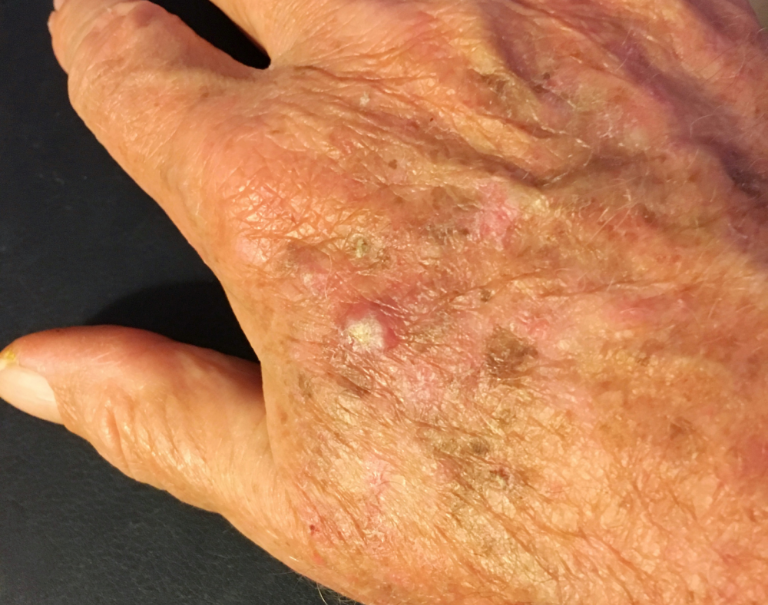 Így jelenik meg a kézfejen a rák – Hónapokkal előbb figyelmeztethet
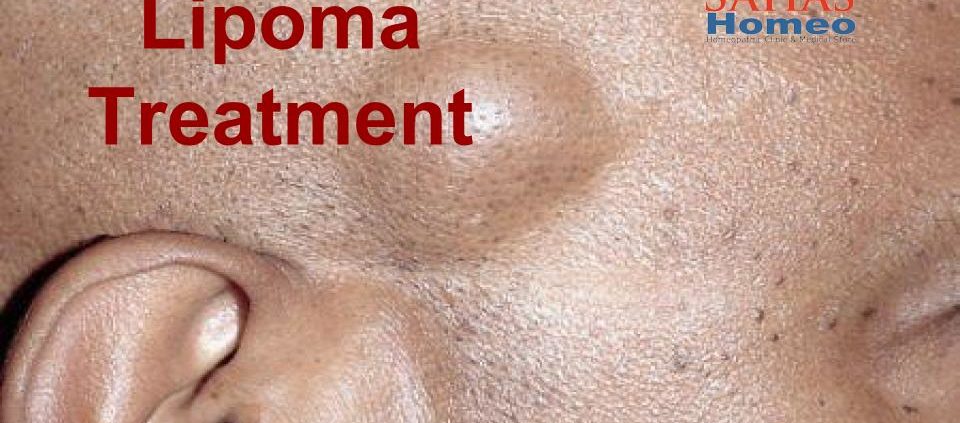 lipoma treatment by homeopathy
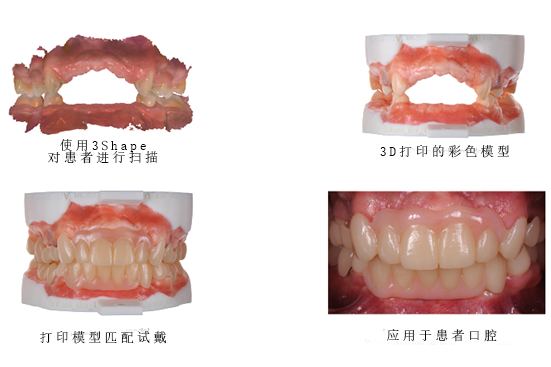 3Shape彩色工作流程，讓牙齒假體越來越“真”！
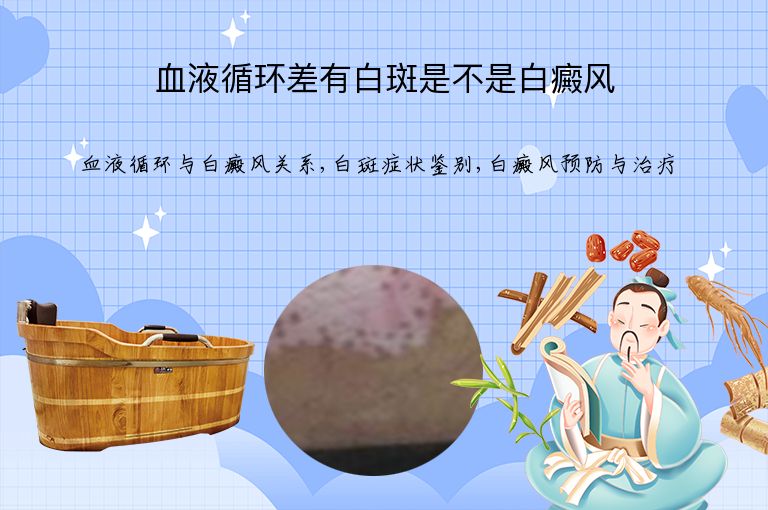血液循环差有白斑是不是白癜风”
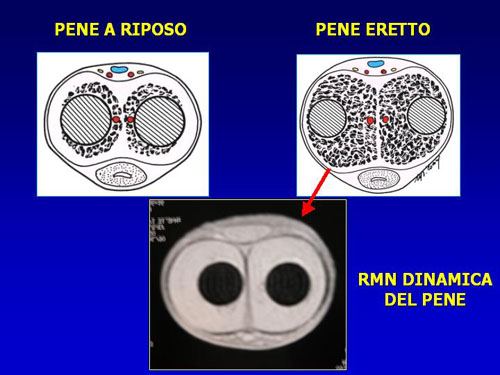 Asportazione completa della placca + innesti liberi o vascolarizzati — Pene Curvo – Malattia di La Peyronie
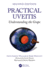 Practical Uveitis: Understanding the Grape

■ Task details
When you output the listing, reproduce it exactly but drop its pictures.

■ Reply
 Így jelenik meg a kézfejen a rák – Hónapokkal előbb figyelmeztethet
 lipoma treatment by homeopathy
 3Shape彩色工作流程，讓牙齒假體越來越“真”！
血液循环差有白斑是不是白癜风”
 Asportazione completa della placca + innesti liberi o vascolarizzati — Pene Curvo – Malattia di La Peyronie
 Practical Uveitis: Understanding the Grape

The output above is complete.